Let nature take it's course. It got me thinking about myself. If nature took it's course and no one intervened, I'm pretty sure I wouldn't have made it much past 5. For one thing I was half blind as a kid. I kept falling down the stairs at home and it wasn't until I was 5 that they figured out I needed glasses! If we let nature take it's course I'm pretty sure half of us wouldn't be alive today. How come we hardly ever let nature take it's course when it comes to us?

I am not proud of what I did today, but I'm not sure if there was anything more I could have done. Then again, if I was lying hopelessly broken under a tree, I suppose I would want whoever found me to put me out of my misery. Given the way people are in those situations though, I suppose I would have better luck if a bear found me instead.

Fracking nature.

Tuesday, November 4, 2008

Because that last post was a downer...

A photo of Nate and Bree in the corn maze at the Pumpkin Patch, taken by Jaqueline Jacattack. Yeah, this makes me happy!

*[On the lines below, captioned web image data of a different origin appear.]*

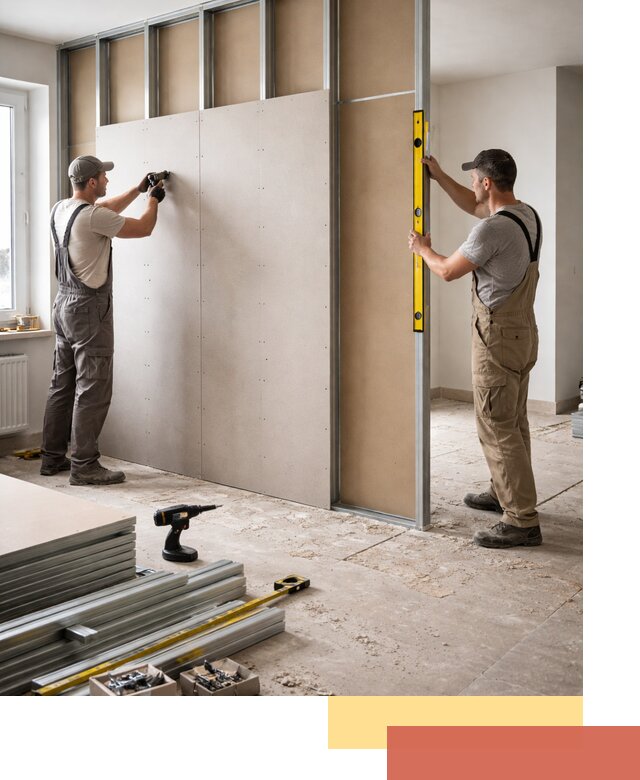 Зонирующая перегородка из гипсокартона под ключ в Нижнеудинске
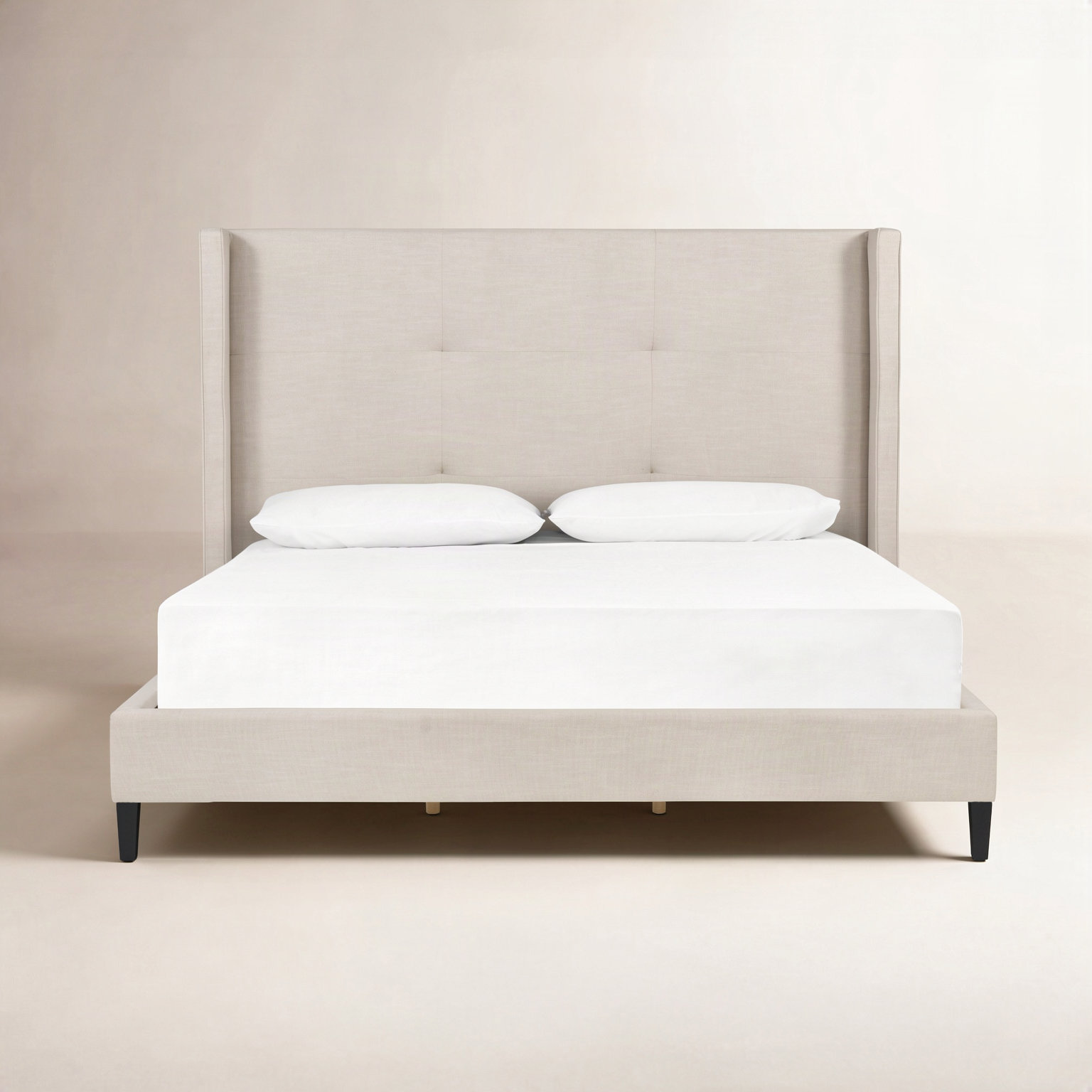 Cognac Upholstered Wingback Bed, King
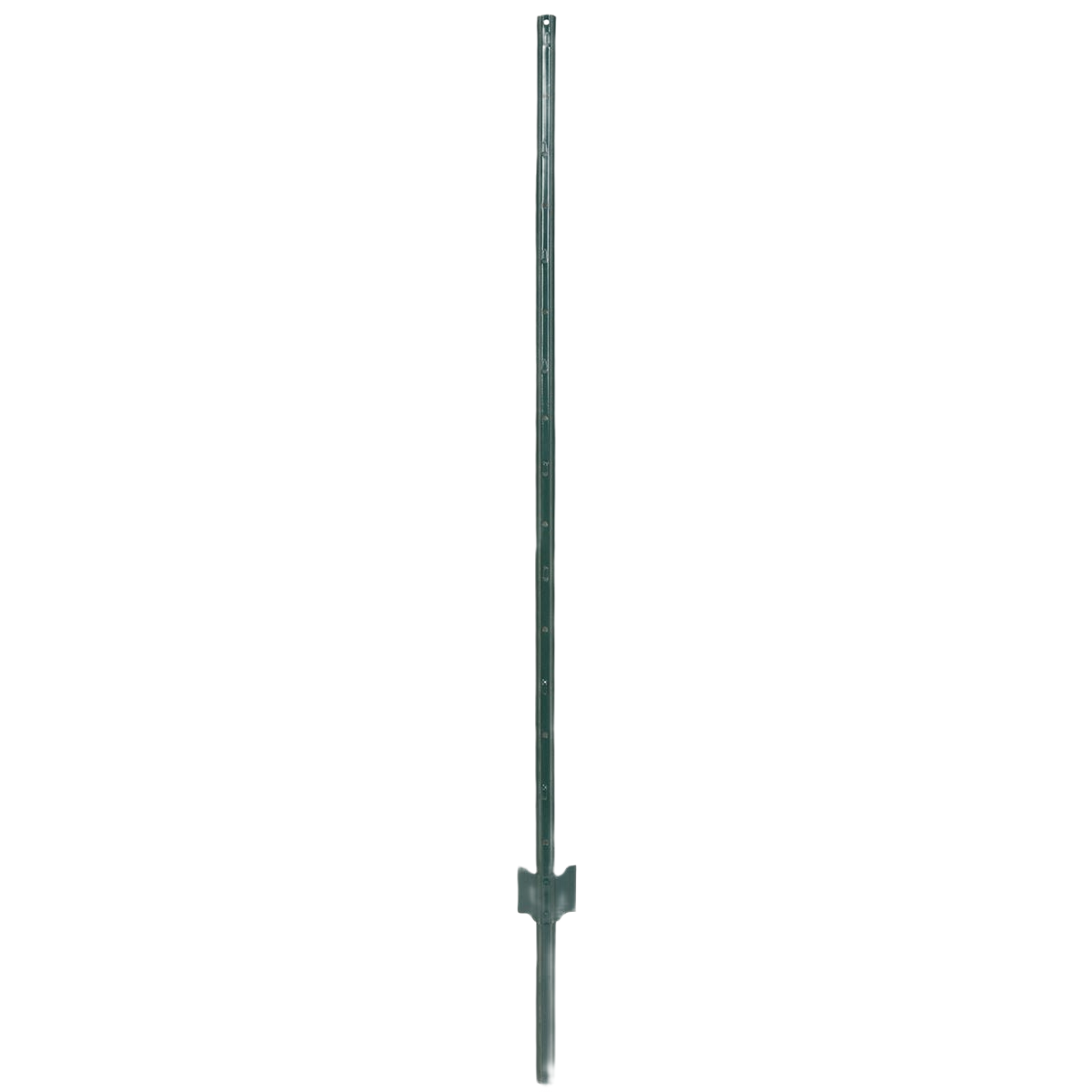 Green steel light-duty fence U-post with multiple stake holes for adjustable fencing installation in home improvement projects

If I've seemed a little distracted lately, it's because I have been

I have not been able to keep much in my head of late. My mind is a jumbled mess of things that need to get done, things that should have been done, what lies ahead and the possibilities they bring.

I am alternatively excited, scared, worried, frustrated, and depressed. Occassionally I feel all those things at the same time. If I've looked stunned lately, it's probably because I was at the time.

This whole business of selling our condo and buying a house has been emotionally draining, and we still have no sale or a house! We've gone from being super excited about one house, to not wanting anything to do with it once we found out how much work it needed.

We have found another house, one that we are trying hard not to get attached to. But how do you not get emotionally involved when you're buying a house? What would be the point if you weren't? But we are running out of time, and it seems less and less likely that we will be able to sell our condo and secure this house before the deadline set by the sellers. So this morning we talked about the possibility of having to take our condo off the market and wait till the new year to sell it. It's been at the back of our minds for some time now probably, but it was the first we actually talked about it. Maybe I'm being overly pessimistic, but maybe it's better that way and I won't set myself up for a bigger fall.

Amidst all this, there is the the everyday things that still need to get done. I'm still trying to figure out where everything is in our place following the cleanup. We are living in this space, but trying to make it look like no one is living in this space. And we've still got a bunch of boxes in the living room of our neighbour Jean. She's been super this past little while, letting us store our stuff there, watching Snoopy while our place was being showed, and even letting us crash there.

It's all been a little chaotic, and I guess that's worn off on me a little. I feel like I'm swimming underwater most days. Swimming underwater in slow motion. I hope I get to come up for air soon. Maybe I need new drugs?